48.  O Filho não ignora o que o Pai não ignora. Mas, se só o Pai conhece, daí não se deduz que o Filho não conheça, pois permanecem na unidade da natureza.

49.  Como não conheceria o Filho, em quem estão escondidos todos os tesouros da sabedoria e da ciência? Este desconhecimento pertence ao desígnio divino do silêncio.

50.  Interrogado pelos Apóstolos a respeito dos tempos, respondeu: Não vos compete conhecer os tempos e os momentos, que o Pai reservou a seu poder (At 1,7).

51.  Nega-lhes o conhecimento e não apenas o nega, mas proíbe que se preocupem com ele, pois não lhes compete conhecer os tempos.

52.  Depois da ressurreição, interrogam a respeito dos tempos os mesmos que, interrogando antes, ouviram-no dizer que nem o Filho conhecia.

53.  Não parecem ter entendido literalmente que o Filho não sabia, quando eles mesmos perguntam de novo, como a quem sabe. Entendendo, porém, que o mistério do desconhecimento pertencia ao desígnio de calar, depois da ressurreição julgam ter chegado o tempo de falar, e então interrogam.

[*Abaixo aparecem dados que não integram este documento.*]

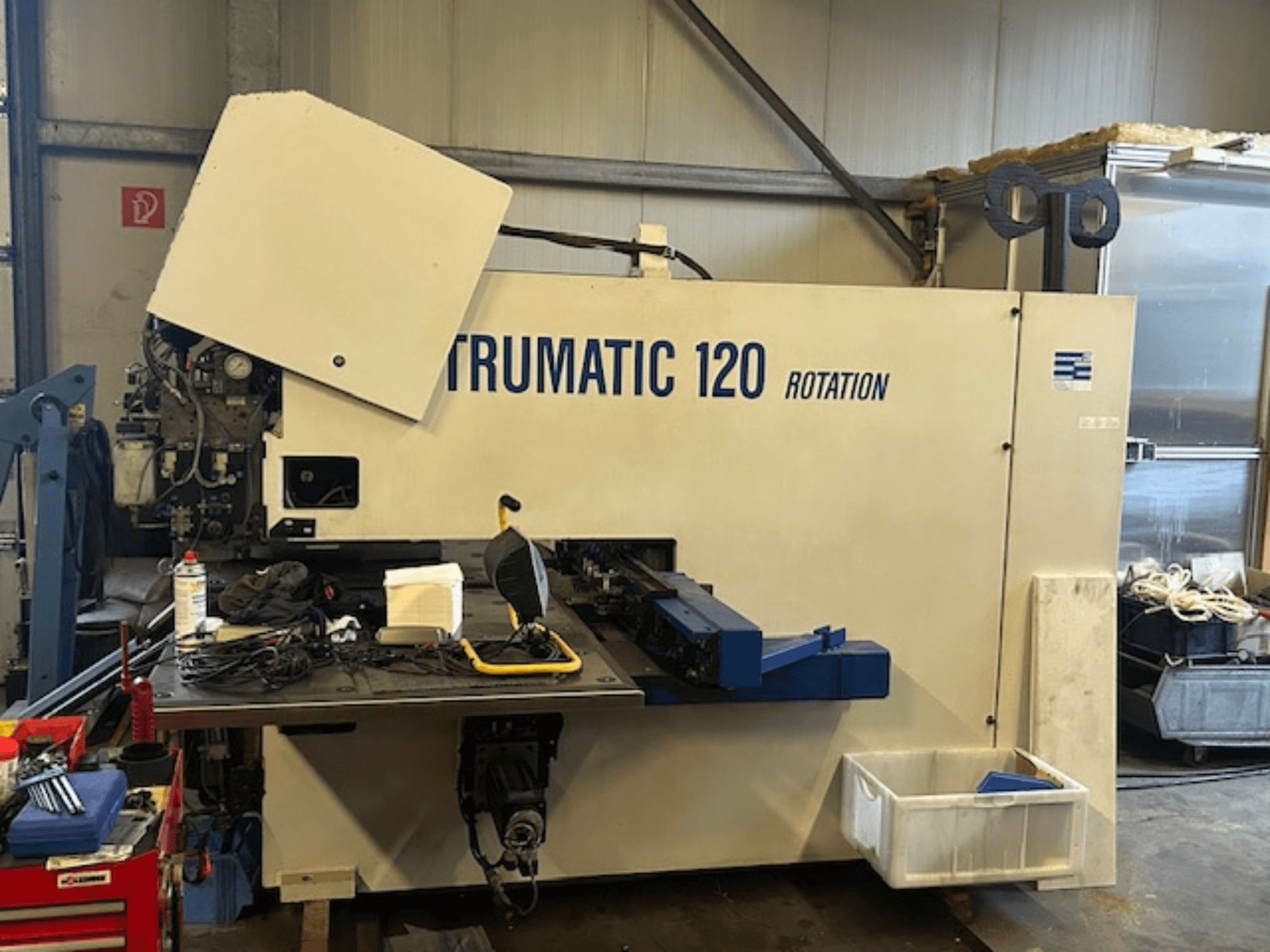 Punzonadora CNC TRUMPF Trumatic 120R en un taller, vista frontal mostrando el panel de control y las herramientas sobre la mesa.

54.  A eles o Filho já não diz que desconhece, mas sim que não lhes é dado conhecer os tempos que o Pai guarda em seu poder.

55.  Se, portanto, os Apóstolos compreendem que, se o Filho não conhece, isto vem da Economia, não da fraqueza, nós diremos que o Filho não conhece o dia, porque não é Deus? O Pai guardou em seu poder este dia, para que não chegasse ao conhecimento humano, e o Filho, interrogado antes, disse não conhecer.

56.  Agora, não responde que não sabe, mas que não compete a eles conhecer.

57.  Acaso o Pai não fixou os tempos, não por seu conhecimento, mas por seu poder? Pois como dia e momento são nomes do tempo, não se pode pensar que ignorasse o dia e o momento do restabelecimento do reino de Israel justamente Aquele que o iria restabelecer.

58.  Ensina-nos a compreender sua natividade quando atribui exclusivamente ao Pai este poder e não diz que Ele mesmo não sabe o dia.

59.  Mostrando que o poder de conhecer não lhes foi concedido, confessou que isto pertence ao mistério do poder do Pai.

 

 

1.      O que você destaca na fala do seu irmão/ã?

2.      O que você destaca no texto?

3.      Como ele é útil para sua espiritualidade?